=== Input data ===
##############################
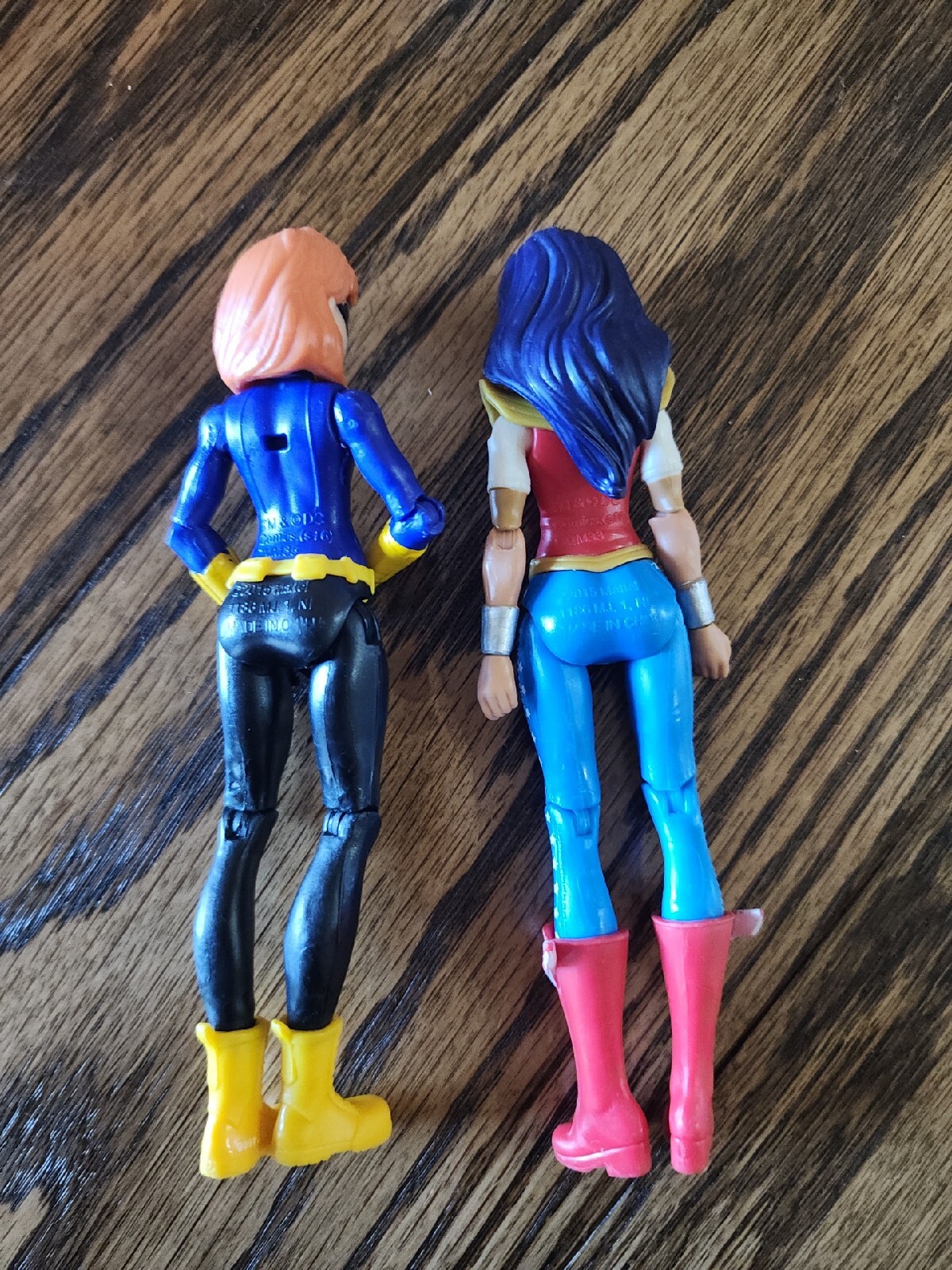 Mattel DC Super Hero Girls- Batgirl & Wonder Woman 6" Action Figures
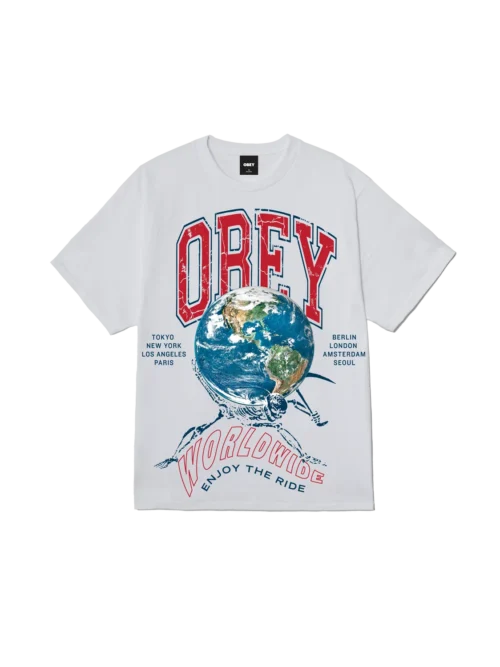 Το Enjoy The Ride Classic T-Shirt συνδυάζει κλασική γραμμή και χαρακτηριστικό streetwear design.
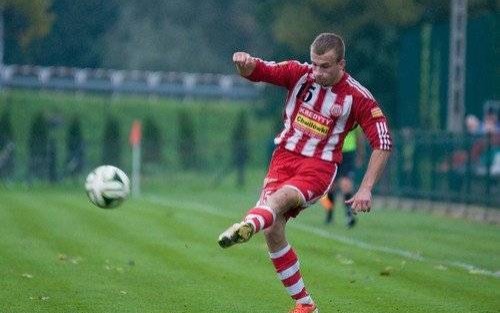 PIŁKA NOŻNA. Solarze zaatakują lidera. Unia broni „żółtej koszulki”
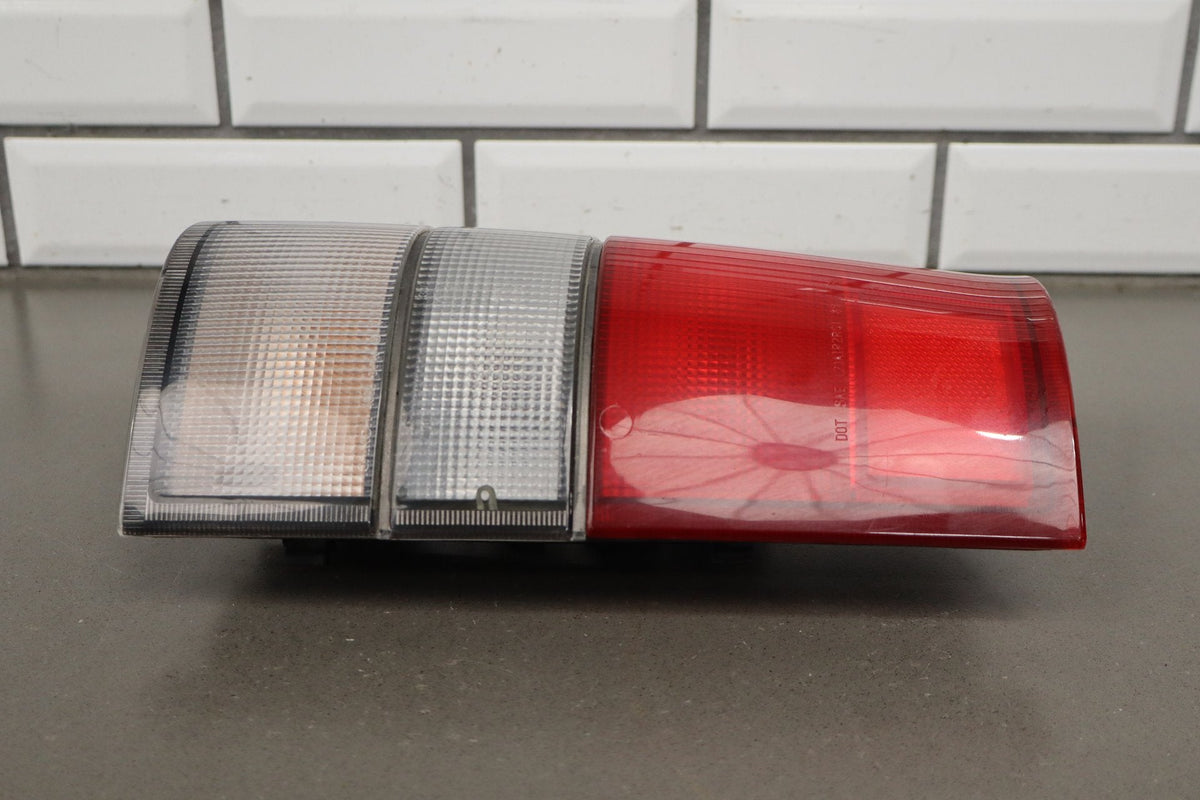 1998-2002 Isuzu Trooper Right Tail Light OEM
##############################
=== Instructions for the task ===
A word-for-word copy of the data, without its pictures, is what is needed.

=== Solution to the exercise ===
 Mattel DC Super Hero Girls- Batgirl & Wonder Woman 6" Action Figures
 Το Enjoy The Ride Classic T-Shirt συνδυάζει κλασική γραμμή και χαρακτηριστικό streetwear design.
 PIŁKA NOŻNA. Solarze zaatakują lidera. Unia broni „żółtej koszulki”
 1998-2002 Isuzu Trooper Right Tail Light OEM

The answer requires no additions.